Tackling climate change
Biden signed an executive order declaring net-zero global emissions by mid-century are required to avoid the worst impacts of climate change.
- The order affirms that the U.S. will exercise leadership in dealing with climate change.
- The order establishes the White House Office of Domestic Climate Policy, led by the National Climate Advisor and Deputy National Climate Advisor. It will be a central office in the White House with the responsibility to coordinate and implement the President’s domestic climate agenda.
Instructing the federal government to lead by example
The executive order Biden signed on January 27 directs the federal government to lead by example. It directs federal agencies to procure carbon emission-free electricity and zero-emission vehicles. The purchases must be made in America, following Biden’s Buy American executive order. The order also directs federal agencies to develop a plan increasing the resilience of their operations and facilities to climate change impacts.
Putting the brakes on new fossil fuel leases on public lands and fossil fuel subsidies
The executive order directs the Interior Secretary to put the brakes on new oil and natural gas leases on public lands and offshore waters.

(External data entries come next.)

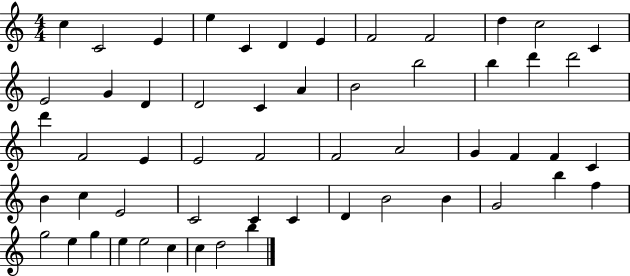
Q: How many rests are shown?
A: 0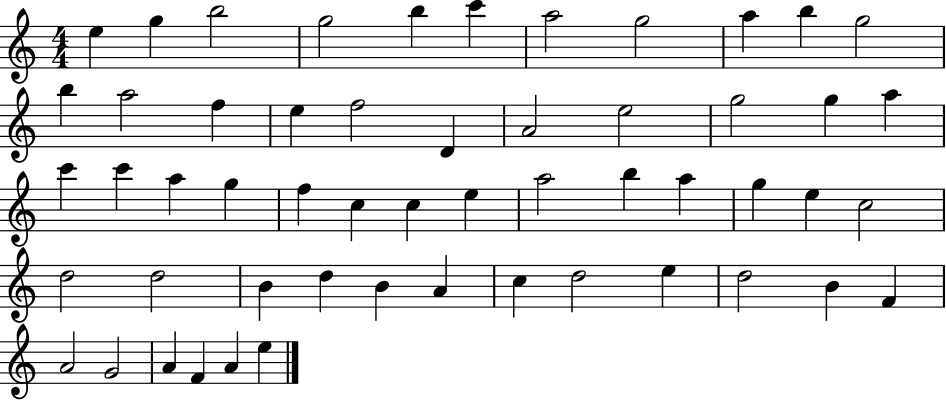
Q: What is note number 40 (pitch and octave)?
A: D5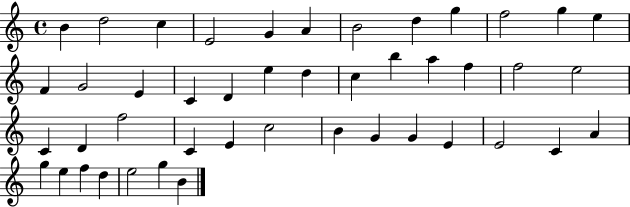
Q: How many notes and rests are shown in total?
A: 45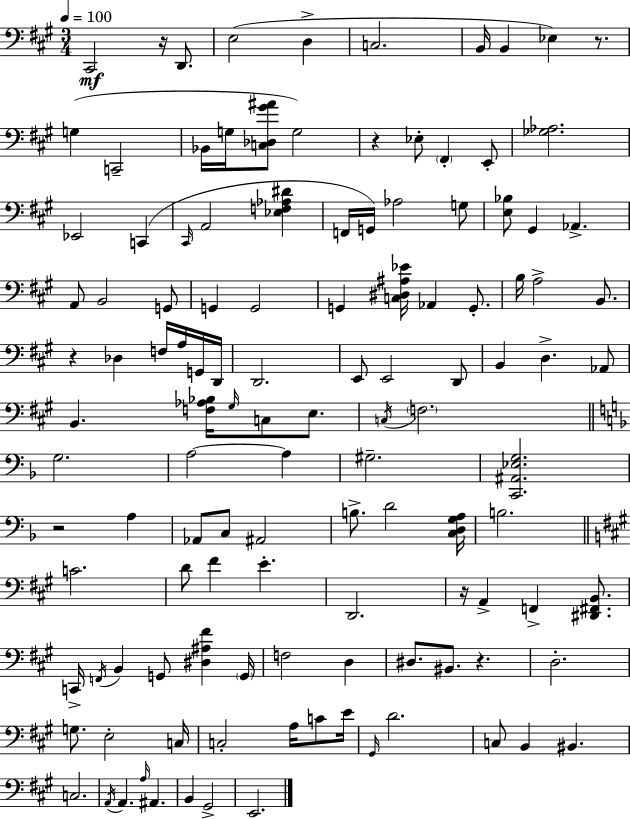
X:1
T:Untitled
M:3/4
L:1/4
K:A
^C,,2 z/4 D,,/2 E,2 D, C,2 B,,/4 B,, _E, z/2 G, C,,2 _B,,/4 G,/4 [C,_D,^G^A]/2 G,2 z _E,/2 ^F,, E,,/2 [_G,_A,]2 _E,,2 C,, ^C,,/4 A,,2 [_E,F,_A,^D] F,,/4 G,,/4 _A,2 G,/2 [E,_B,]/2 ^G,, _A,, A,,/2 B,,2 G,,/2 G,, G,,2 G,, [C,^D,^A,_E]/4 _A,, G,,/2 B,/4 A,2 B,,/2 z _D, F,/4 A,/4 G,,/4 D,,/4 D,,2 E,,/2 E,,2 D,,/2 B,, D, _A,,/2 B,, [F,_A,_B,]/4 ^G,/4 C,/2 E,/2 C,/4 F,2 G,2 A,2 A, ^G,2 [C,,^A,,_E,G,]2 z2 A, _A,,/2 C,/2 ^A,,2 B,/2 D2 [C,D,G,A,]/4 B,2 C2 D/2 ^F E D,,2 z/4 A,, F,, [^D,,^F,,B,,]/2 C,,/4 F,,/4 B,, G,,/2 [^D,^A,^F] G,,/4 F,2 D, ^D,/2 ^B,,/2 z D,2 G,/2 E,2 C,/4 C,2 A,/4 C/2 E/4 ^G,,/4 D2 C,/2 B,, ^B,, C,2 A,,/4 A,, A,/4 ^A,, B,, ^G,,2 E,,2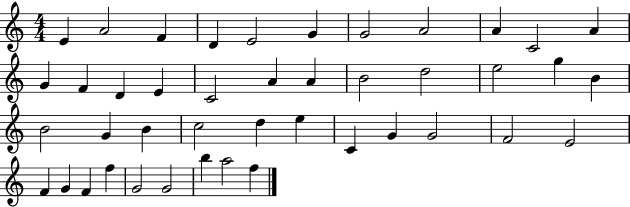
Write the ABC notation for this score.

X:1
T:Untitled
M:4/4
L:1/4
K:C
E A2 F D E2 G G2 A2 A C2 A G F D E C2 A A B2 d2 e2 g B B2 G B c2 d e C G G2 F2 E2 F G F f G2 G2 b a2 f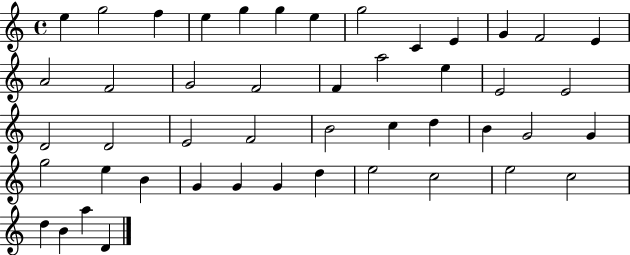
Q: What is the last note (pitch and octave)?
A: D4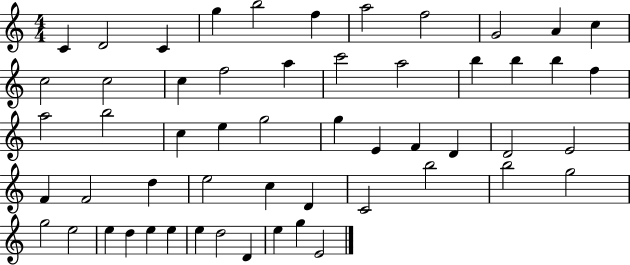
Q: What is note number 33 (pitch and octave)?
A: E4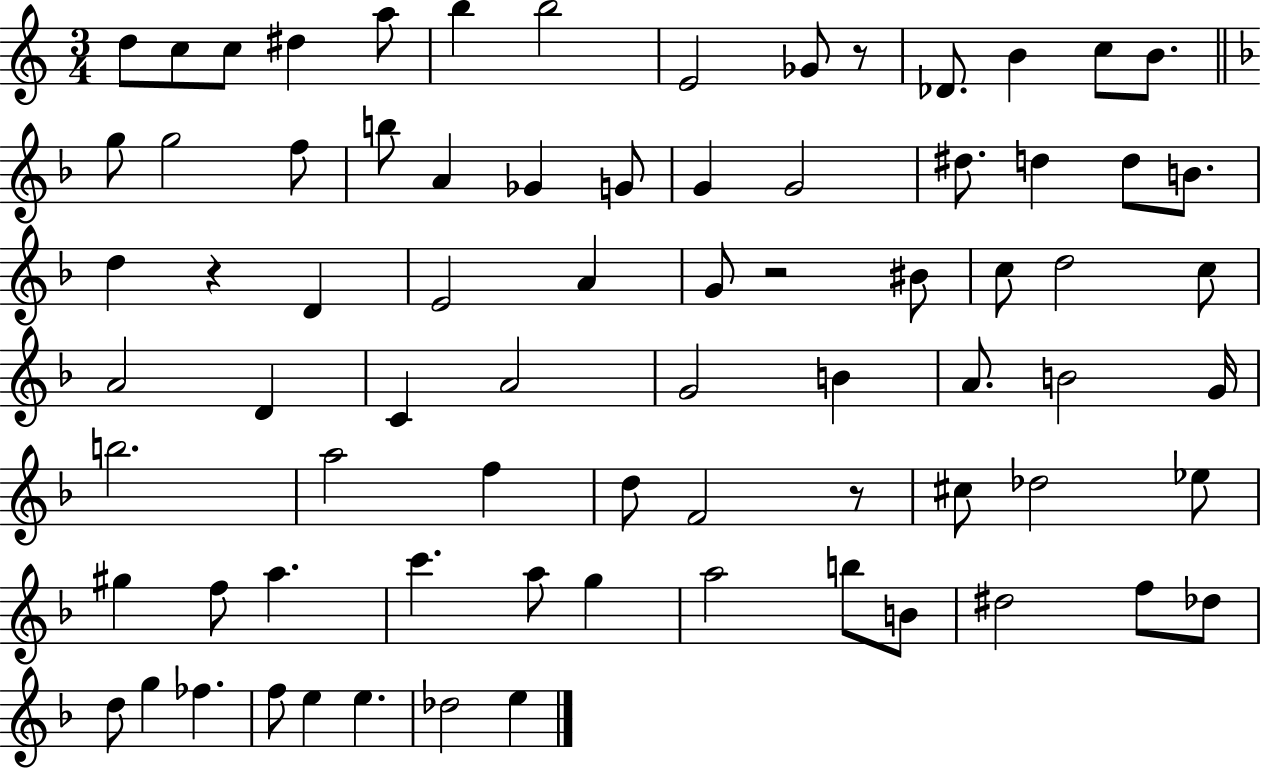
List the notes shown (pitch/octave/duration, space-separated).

D5/e C5/e C5/e D#5/q A5/e B5/q B5/h E4/h Gb4/e R/e Db4/e. B4/q C5/e B4/e. G5/e G5/h F5/e B5/e A4/q Gb4/q G4/e G4/q G4/h D#5/e. D5/q D5/e B4/e. D5/q R/q D4/q E4/h A4/q G4/e R/h BIS4/e C5/e D5/h C5/e A4/h D4/q C4/q A4/h G4/h B4/q A4/e. B4/h G4/s B5/h. A5/h F5/q D5/e F4/h R/e C#5/e Db5/h Eb5/e G#5/q F5/e A5/q. C6/q. A5/e G5/q A5/h B5/e B4/e D#5/h F5/e Db5/e D5/e G5/q FES5/q. F5/e E5/q E5/q. Db5/h E5/q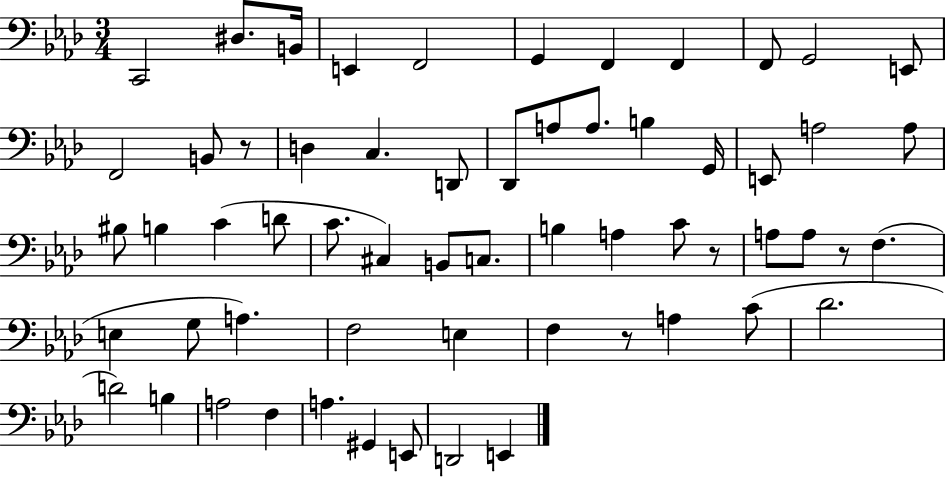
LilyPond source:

It directs the Interior Secretary to launch a review of all existing leases and permitting practices of fossil fuel development on public lands and waters. The DOI must also take steps toward doubling renewable energy production from offshore wind by 2030. Under the Trump administration, oil and gas leases were granted on public lands across America, including in Alaska’s Arctic area.
The executive order directs federal agencies to eliminate fossil fuel subsidies. U.S. direct fossil fuel subsidies are an estimated $20 billion a year, and that is a conservative estimate. The oil and gas industry receives 80 percent of the subsidies, while the coal industry receives 20 percent.